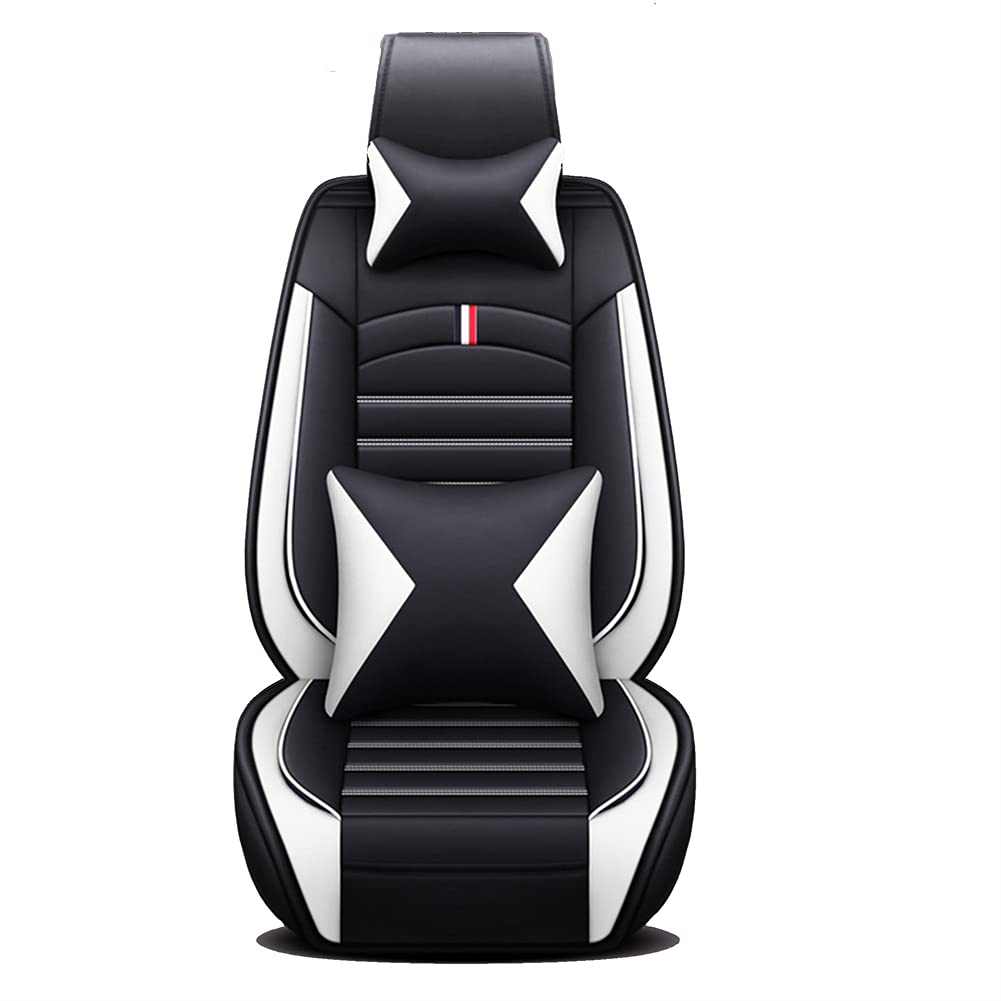 Premium Luxury Leather Car Seat Covers for Dacia Duster Prestige - Waterproof, Wear-Resistant, Airbag-Compatible Seat Protector (Black/White) - Perfect for Road Trips, Daily Commutes & Car Interior Protection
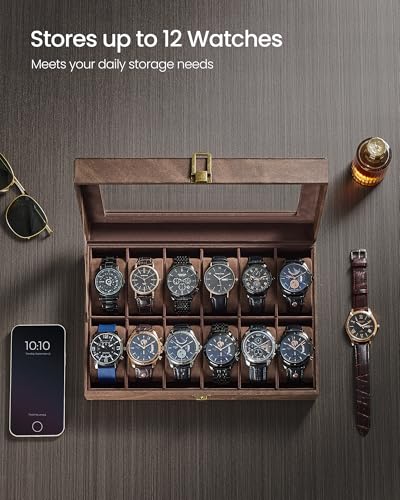 SONGMICS Watch Box, 12-Slot Watch Case Organizer with Large Glass Lid, Removable Pillows, Gift for Loved Ones, Coffee Brown Synthetic Leather, Coffee Brown Lining UJWB120KQ01S - color: Brown + Brown, size: 12 Slot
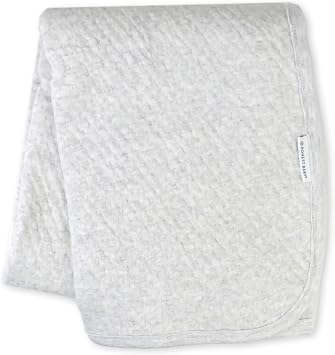 HonestBaby Matelasse Reversible Receiving Blanket 100% Organic Cotton for Baby Boys, Girls, Light Grey Heather, One Size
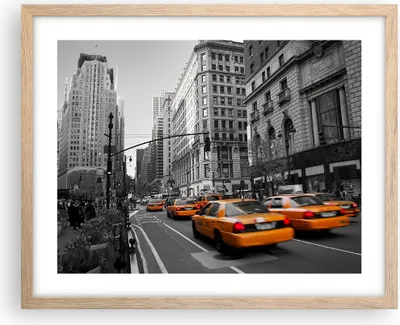 Produktbild von Gerahmtes Poster - Rahmen in heller Eiche - Amerika New York City Straße - 50x40 cm - Wand Bild - Wanddeko - Wandbilder - Wandposter - Bilderrahmen - Bilder - Kunstdruck - Wandbild - P2NAA50x40-0445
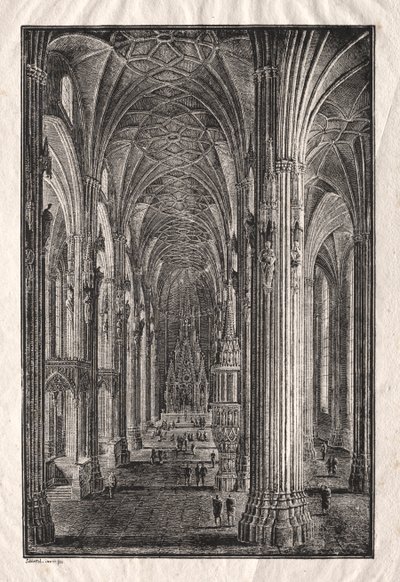 Wnętrze katedry św. Szczepana w Wiedniu autorstwa Karl Friedrich Schinkel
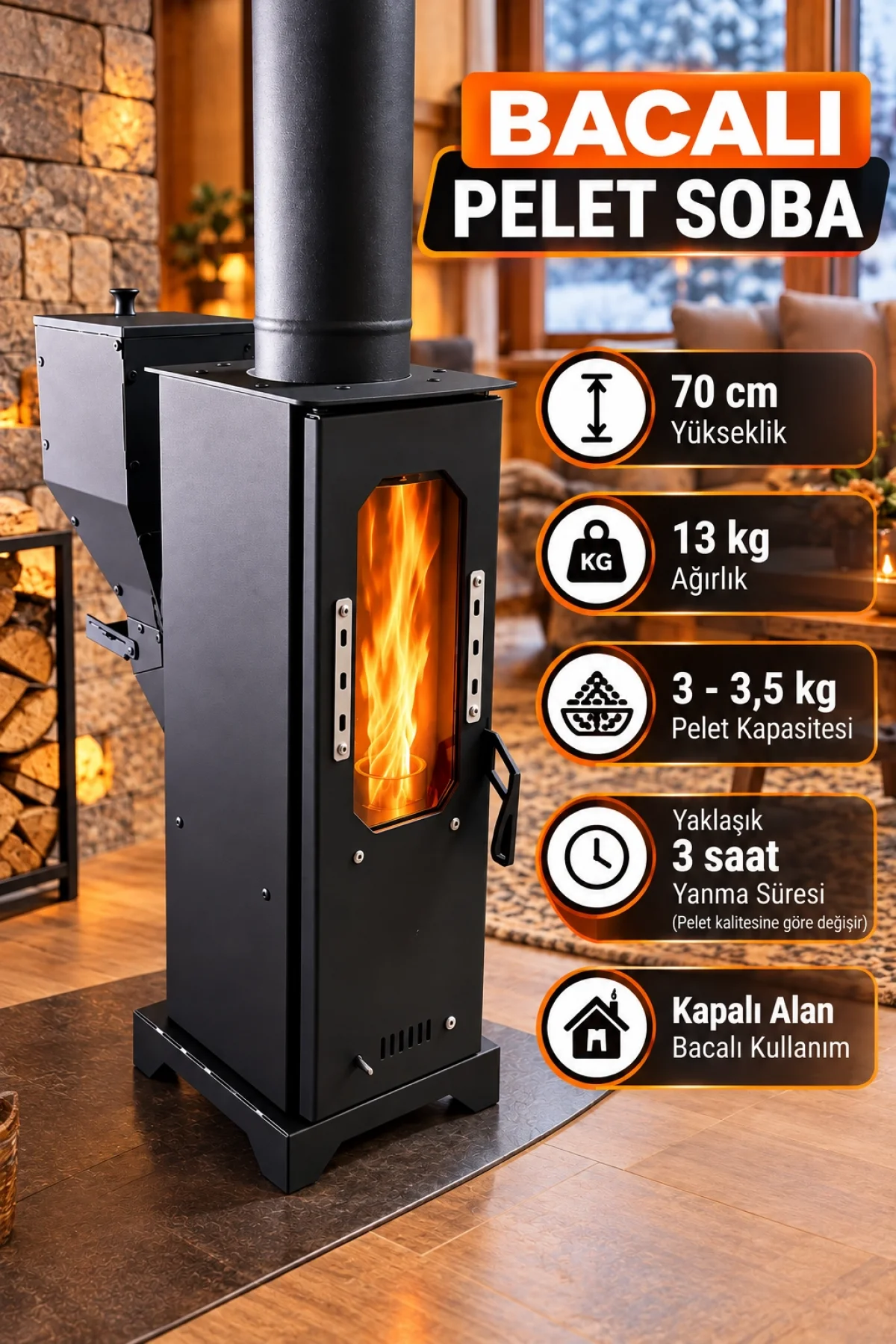 Ziraisepet Firebox Kapalı Alan Pelet Soba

◆ ◆ ◆

_Task directions_:
An exact restatement of the lines from the one holding "HonestBaby Matelasse Reversible" through the end of the entries, both ends included, is the whole answer. Pictures stay out.

_Solution to the exercise_:
 HonestBaby Matelasse Reversible Receiving Blanket 100% Organic Cotton for Baby Boys, Girls, Light Grey Heather, One Size
 Produktbild von Gerahmtes Poster - Rahmen in heller Eiche - Amerika New York City Straße - 50x40 cm - Wand Bild - Wanddeko - Wandbilder - Wandposter - Bilderrahmen - Bilder - Kunstdruck - Wandbild - P2NAA50x40-0445
 Wnętrze katedry św. Szczepana w Wiedniu autorstwa Karl Friedrich Schinkel
 Ziraisepet Firebox Kapalı Alan Pelet Soba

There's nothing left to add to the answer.